When Hardwick's son, Joe, was denied educational benefits, she decided to take action for the failure of the government to live up to its promises to the tribe.

== California Rancheria termination litigation ==

In 1979, on the basis that termination was illegal since the improvements had not been done, Hardwick filed suit with the assistance of California Indian Legal Services, who decided to make the case a class action. In a decision dated 19 July 1983 a US District Court restored the status of 17 California rancherias:

- Big Valley Rancheria
- Blue Lake Rancheria
- Buena Vista Rancheria
- Chicken Ranch Rancheria
- Cloverdale Rancheria
- Elk Valley Rancheria
- Greenville Rancheria
- Mooretown Rancheria
- North Fork Rancheria
- Picayune Rancheria
- Pinoleville Rancheria
- Potter Valley Rancheria
- Quartz Valley Rancheria
- Redding Rancheria
- Redwood Valley Rancheria
- Rohnerville Rancheria
- Smith River Rancheria

The United States agreed to restore the status of the individual members of the Rancherias as Indians and acknowledged that the federal government would recognize as Indian entities the "Indian Tribes, Bands, Communities or groups" of these 17 Rancherias with the same status as they possessed prior to termination. The United States also agreed that tribal members could elect to restore their fee simple lands which had been former trust allotments to trust status, to be held by the United States for their benefit. The first Hardwick decision (Tillie Hardwick, et al. v. United States of America, et al. Case #C-79-1710-SW) did not determine whether or to what extent the boundaries of the 17 Rancherias were restored, but it did establish the basis on which the Bureau of Indian Affairs (BIA) was to ensure that those who formed the initial tribal governments and re-organized them were the individuals who properly had the right to do so.

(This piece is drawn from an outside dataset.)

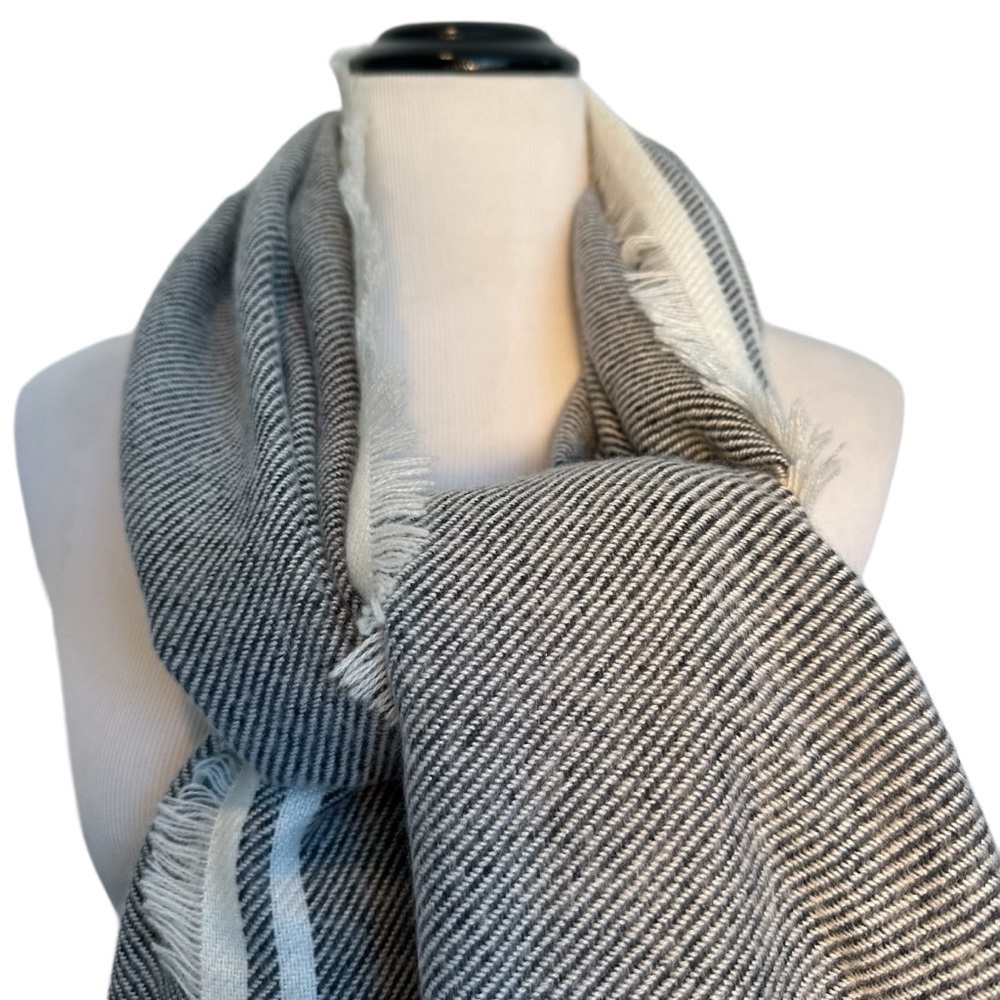 Gap blue and cream new without tag scarf. - Picture 2 of 12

On 31 January 1986 the Hardwick plaintiffs amended their complaint (often cited as Hardwick II) and added a number of tribes that had reconstituted their former federally recognized governments to be able to intervene in the litigation and dropped as defendants those counties that had voluntarily resolved their issues with tribes in their jurisdictions. The decisions issued throughout 1986 and 1987 established the boundaries of various Rancherias and settled taxation disputes with some of the California counties involved.

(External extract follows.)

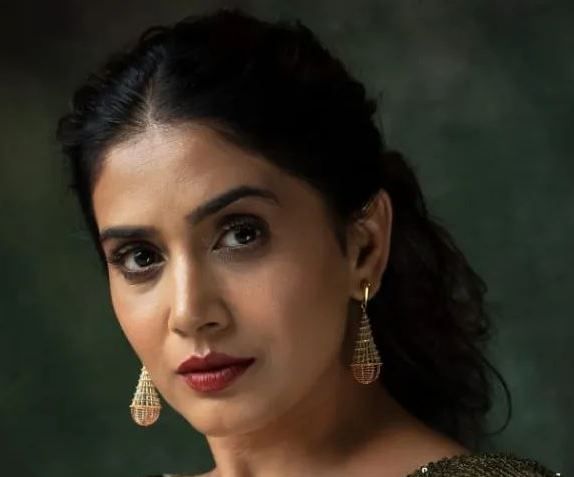 Sonali Kulkarni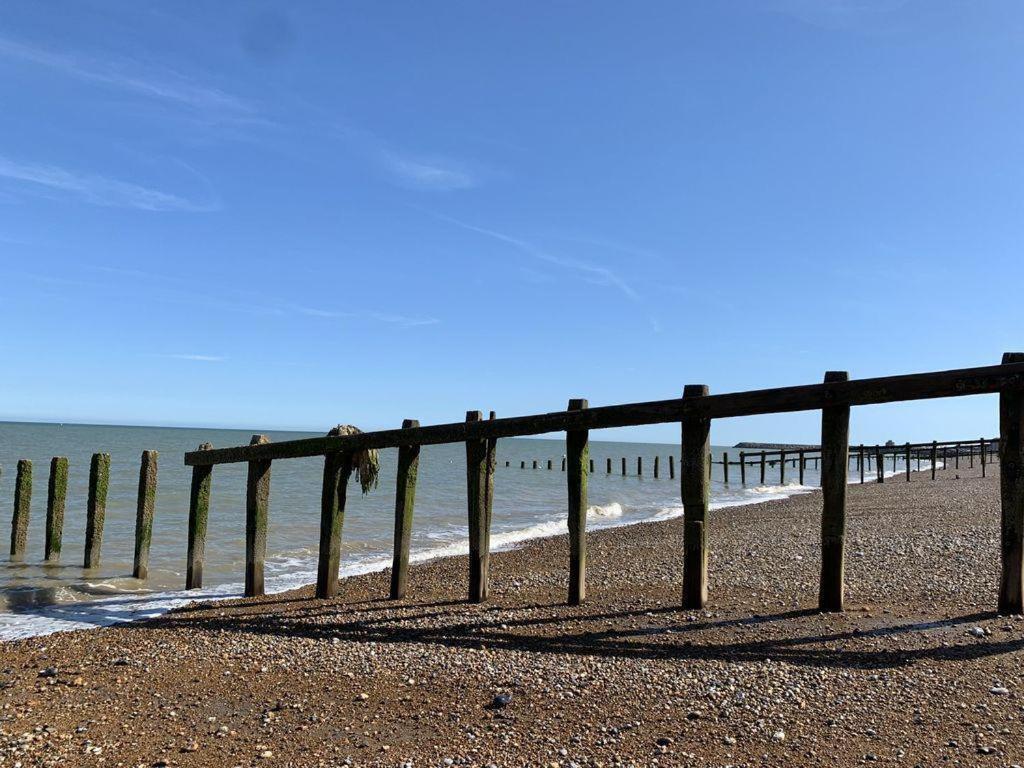 Luxury Seaside Apartment Eastbourne Eksteriør bilde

== Family and personal life ==

Hardwick was the mother of four children. Three sons: Robert Hopper, who predeceased Hardwick; Joseph A. Myers attorney and founder of the National Indian Justice Center; and Larry Myers (youngest son) of Sacramento who served as Executive Secretary of the California Native American Heritage Commission from 1987 to 2011; and one daughter, Joyce A. Britton, of Willits, California.

== Legacy ==

On the basis of her suit's success, other tribes throughout California began fighting for recognition and restoration by the federal government. There had been 6 termination reversals prior to Tillie Hardwick v. United States. The Robinson Rancheria was restored 22 March 1977; the Hopland Rancheria was restored 29 March 1978; the Upper Lake Rancheria was restored 15 May 1979; the Table Bluff Rancheria was restored 21 September 1981; the Big Sandy Rancheria was restored 28 March 1983; and the Table Mountain Rancheria was restored in June, 1983. Each of these decisions only pertained to one reservation. The Hardwick decision restored more terminated tribes than any other single case in California.

The impact of the Hardwick decisions is immeasurable. The native peoples whose tribes were restored through the class-action lawsuit she instituted continue to be referred to as "Hardwick Indians." The decision has been cited as jurisprudence for countless state and federal tribal litigation cases since it was originally rendered. The policy that the Bureau of Indian Affairs established to confirm that the initial members reinstating a tribe are the historical tribal members has been used in litigation in many states outside of California. The boundaries established in the 1987 Hardwick II decision have been reviewed as the basis for California gambling establishments on tribal lands since the inception of the Indian Gaming Regulatory Act (IGRA).